- **Instructions to follow**
Word for word, copy the line containing "Fiat Panda 1.0" and every line after it in the records below, leaving pictures out.

[Web page caption snippets]
──────

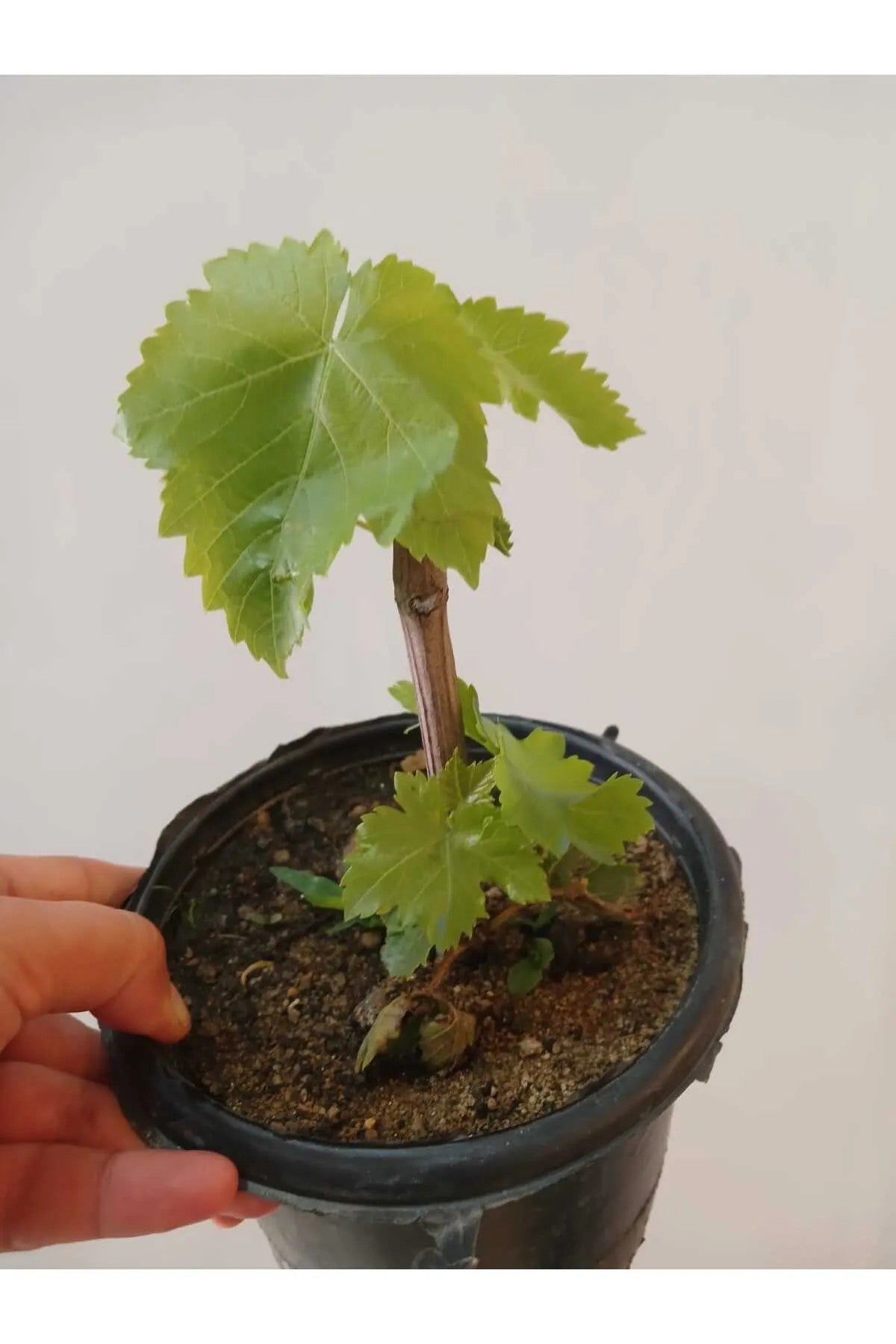 Çekirdeksiz Beyaz Üzüm Fidesi – Yaprakları Sarmalık, 10 cm.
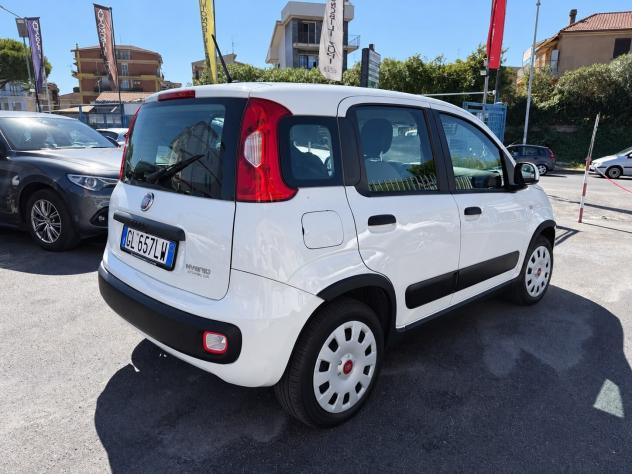Fiat Panda 1.0 HYBRID 69CV *35.000 KM CERTIFICATI** - Foto 4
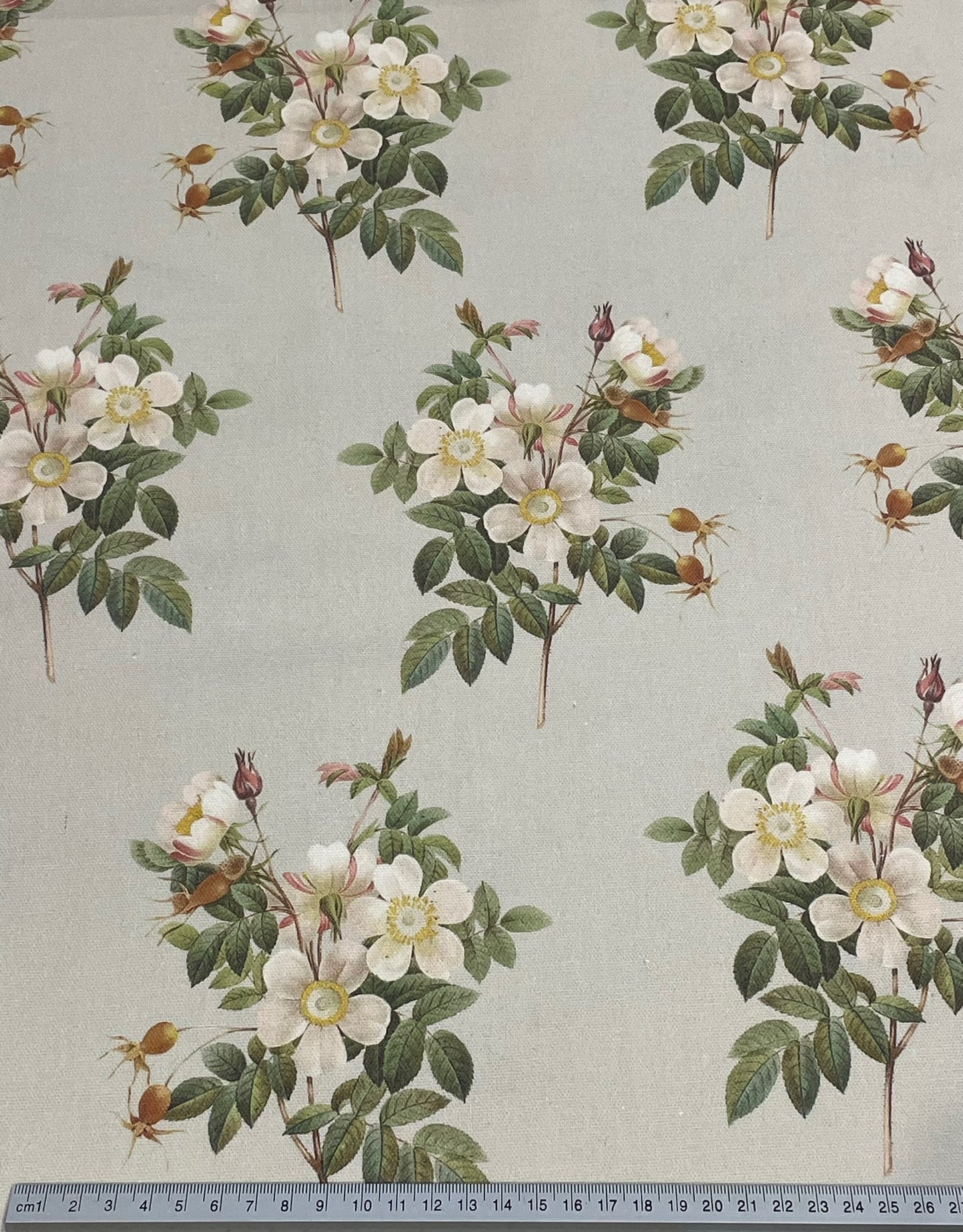 Dog Rose/Antique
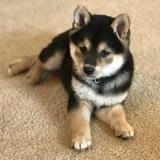 $DOUG Elon's New Dog (CTO)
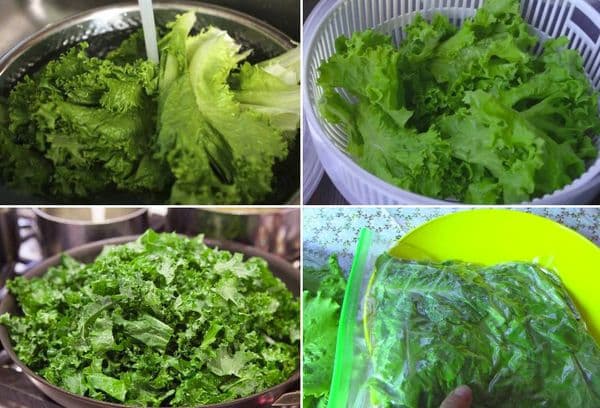 Zubereitung und Einfrieren von Salat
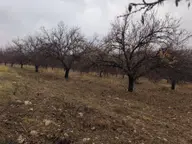 Acil İhtiyaçtanakçadağ Örende Satılık Bitişik Yanyana İki Bahçe Acil İhtiyaçtanakçadağ Örende Satılık Bitişik Yanyana İki Bahçe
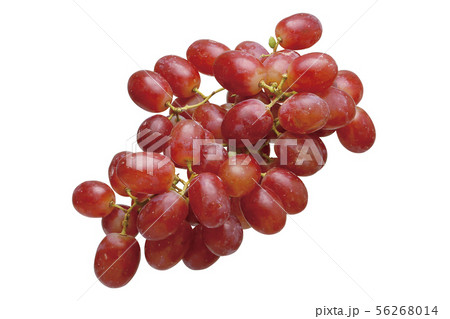 クリムゾン05（パス付） 56268014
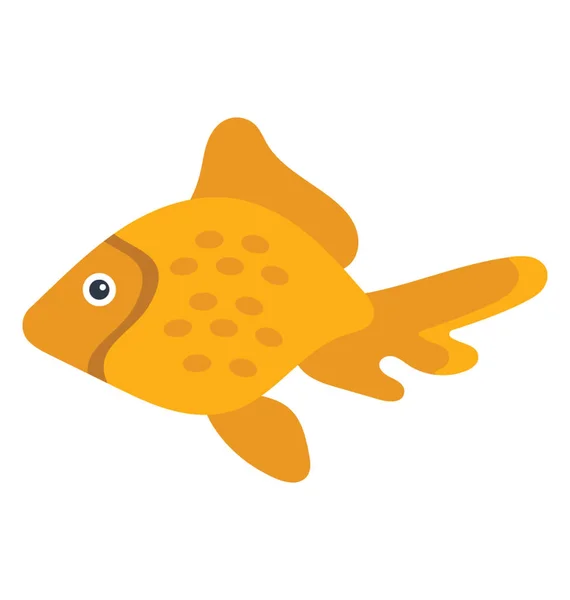 Cute Orange Yellow Medium Size Fish Typically Kept Aquariums Small — Stock Vector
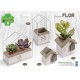 Collezione FLOR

──────

- **Expected output**
Fiat Panda 1.0 HYBRID 69CV *35.000 KM CERTIFICATI** - Foto 4
 Dog Rose/Antique
 $DOUG Elon's New Dog (CTO)
 Zubereitung und Einfrieren von Salat
 Acil İhtiyaçtanakçadağ Örende Satılık Bitişik Yanyana İki Bahçe Acil İhtiyaçtanakçadağ Örende Satılık Bitişik Yanyana İki Bahçe
 クリムゾン05（パス付） 56268014
 Cute Orange Yellow Medium Size Fish Typically Kept Aquariums Small — Stock Vector
 Collezione FLOR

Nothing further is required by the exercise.